NEWS | Nov. 23, 2008

World War II ‘Fly Girls’ Inducted, make historical landing in Women’s Memorial

By Airman Katie Justen Capital Flyer editor

The ivory-white walls bearing the newest exhibit in Washington D.C. wound around the halls of a memorial in a wave of nostalgia for landmark women in aviation history. Pictures, quotes, and graphics adorned the display to honor the first, and some of the bravest females who flew for their country in World War II. 

The Fly Girls of WWII kicked off its traveling exhibit at the Women in Military Service for America Memorial Nov. 14. 

The exhibit is dedicated to the achievements of the Women Air Force Service Pilots who flew non-combat missions during the war. Many of these missions included ferrying planes between bases and from factories, testing reconstructed or new planes for safe flight, and even training male pilots in the methods of combat gunnery. 

Of the original 1,074 WASPs who flew for America between 1942 and 1944, 27 were in attendance at the opening of the exhibit -- in their service uniforms -- for this historic event. 

"I enjoyed seeing all of the pictures of us again; together in this wonderful exhibit," said Scotty Gough, WASP test pilot from now closed Williams Air Force Base, Ariz., after reaching up to touch pictures of friends on the wall. 

The exhibit displayed numerous pictures of the women and some in larger than life fashion; as if in testament to the monumental achievements they have made. They were also represented with uniformed mannequins, a timeline, memorabilia, and with an imitation filmstrip poster that served as a border for the exhibit and presented their young faces during their time of duty. 

Many of the WASP's family members and friends were in attendance at the event, as well as two famous key note speakers: Emmy-award-winning journalist and bestselling author Cokie Roberts, and Air Force Maj. Nicole Malachowski, the first woman pilot to fly for the Air Force Thunderbirds. 

After recounting a childhood memory of seeing a representation of the WASPs for the first time at the Air and Space Museum in D.C., Major Malachowski said, "With this exhibit here on hallowed ground, visited by millions of people every year, we are finally telling your story.
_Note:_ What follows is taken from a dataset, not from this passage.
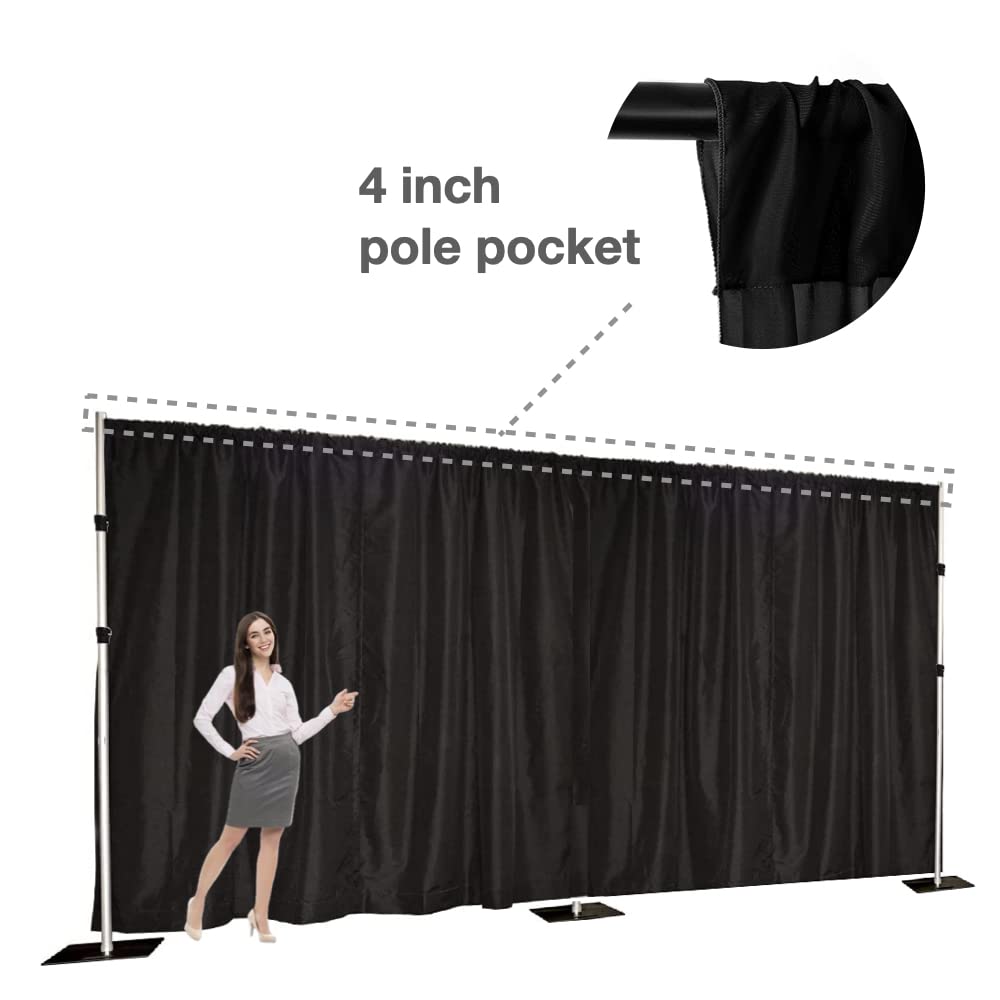 Two Layers Backdrop Made With One Piece Chiffon Tulle & Polyester For Professional Extra Wide Blackout Curtains (White, 20 X 10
Your service to our nation during a time of war is the stuff that legends are made of, and I think that the legacy you leave me with is that, when you have dedication, commitment and a desire to serve, you can overcome tremendous obstacles." 

The major continued, "Your service to our nation in a critical time of history, actually to the entire free world -- is remarkable not because you are women, but remarkable in its very own right." 

The WASP's exhibit at the WMSAM is slated to stay on display until November 2009.